6. Sesuaikan dengan Template Jurnal
Banyak artikel langsung dikembalikan editor karena tidak
mengikuti template jurnal. Oleh sebab itu:
- Gunakan
format penulisan yang diminta
- Perhatikan
gaya sitasi
- Sesuaikan
ukuran font, margin, dan tabel
Kerapian format menunjukkan profesionalitas penulis.
7. Gunakan Bahasa Akademik yang Baik
Bahasa akademik harus jelas, formal, dan mudah dipahami.
Hindari:
- Kalimat
terlalu panjang
- Pengulangan
kata
- Bahasa
tidak baku
Jika diperlukan, lakukan proofreading sebelum submit
artikel.
8. Pilih Jurnal yang Sesuai
Jangan asal memilih jurnal.

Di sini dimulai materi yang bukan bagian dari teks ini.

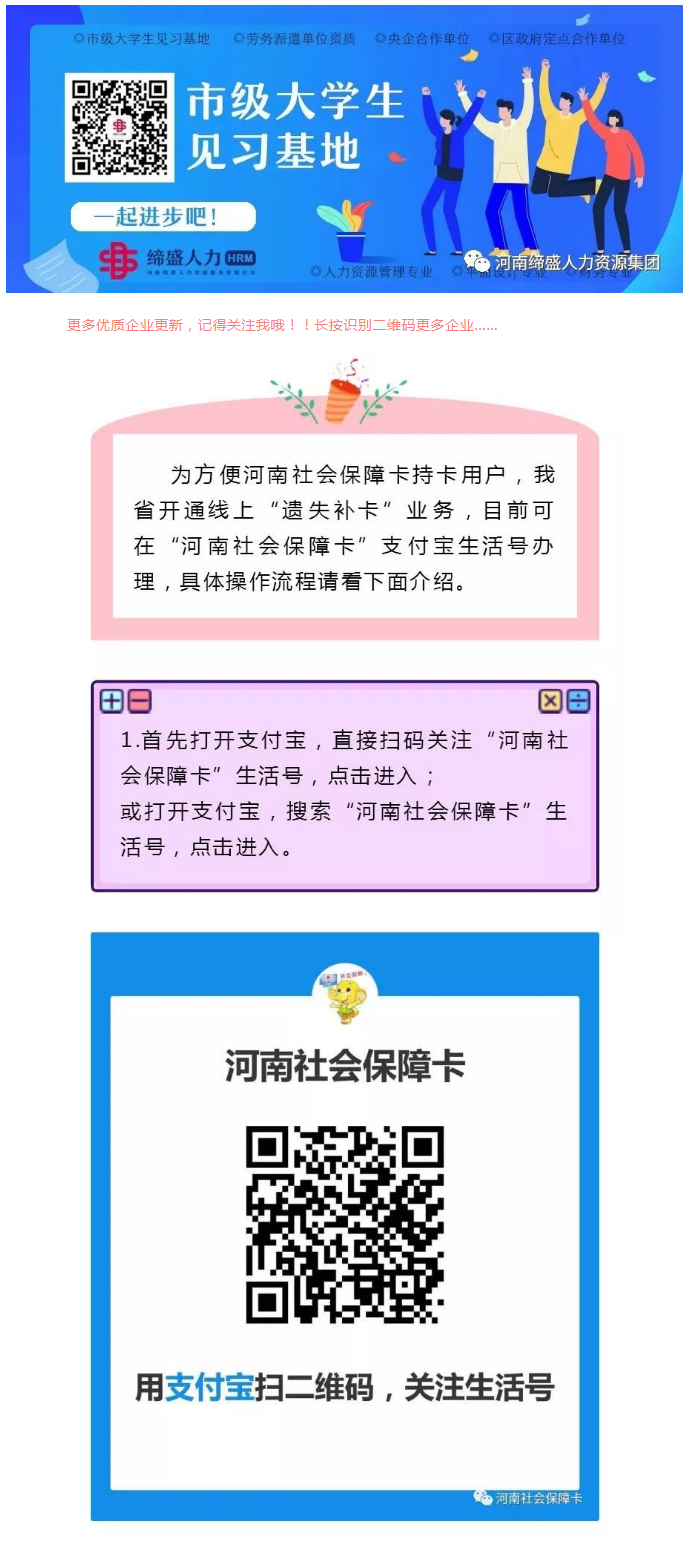“足不出户，邮寄到家”社保卡遗失补卡业务上线了！_01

Pastikan:
- Scope
jurnal sesuai tema penelitian
- Tingkat
jurnal sesuai kualitas artikel
- Jurnal
memiliki reputasi baik
Kesalahan memilih jurnal sering menyebabkan artikel ditolak
meskipun kualitas penelitian sudah baik.
Pentingnya Revisi dalam Publikasi Artikel
Revisi merupakan bagian normal dalam proses publikasi
ilmiah. Reviewer biasanya memberikan masukan terkait:
- Metode
penelitian
- Analisis
data
- Referensi
- Struktur
pembahasan
Penulis perlu menjawab revisi secara akademik dan sistematis
agar peluang accepted semakin besar.
Jasa Pendampingan Publikasi Artikel
Bagi penulis pemula, proses publikasi jurnal sering terasa
rumit. Karena itu, jasa pendampingan publikasi artikel menjadi solusi yang
banyak digunakan. Layanan ini umumnya membantu:
- Editing
artikel
- Cek
plagiarisme
- Penyesuaian
template
- Pemilihan
jurnal
- Pendampingan
revisi
Pendampingan profesional dapat membantu penulis mempercepat
proses publikasi artikel ilmiah.
Kesimpulan
Publikasi artikel ilmiah membutuhkan persiapan yang matang,
mulai dari pemilihan topik, penyusunan artikel, hingga proses revisi jurnal.
Dengan memahami strategi publikasi yang tepat, peluang artikel diterima jurnal
akan semakin besar.
Bagi mahasiswa, dosen, dan peneliti, publikasi artikel bukan
hanya kebutuhan akademik, tetapi juga langkah penting dalam membangun reputasi
ilmiah dan kontribusi terhadap perkembangan ilmu pengetahuan.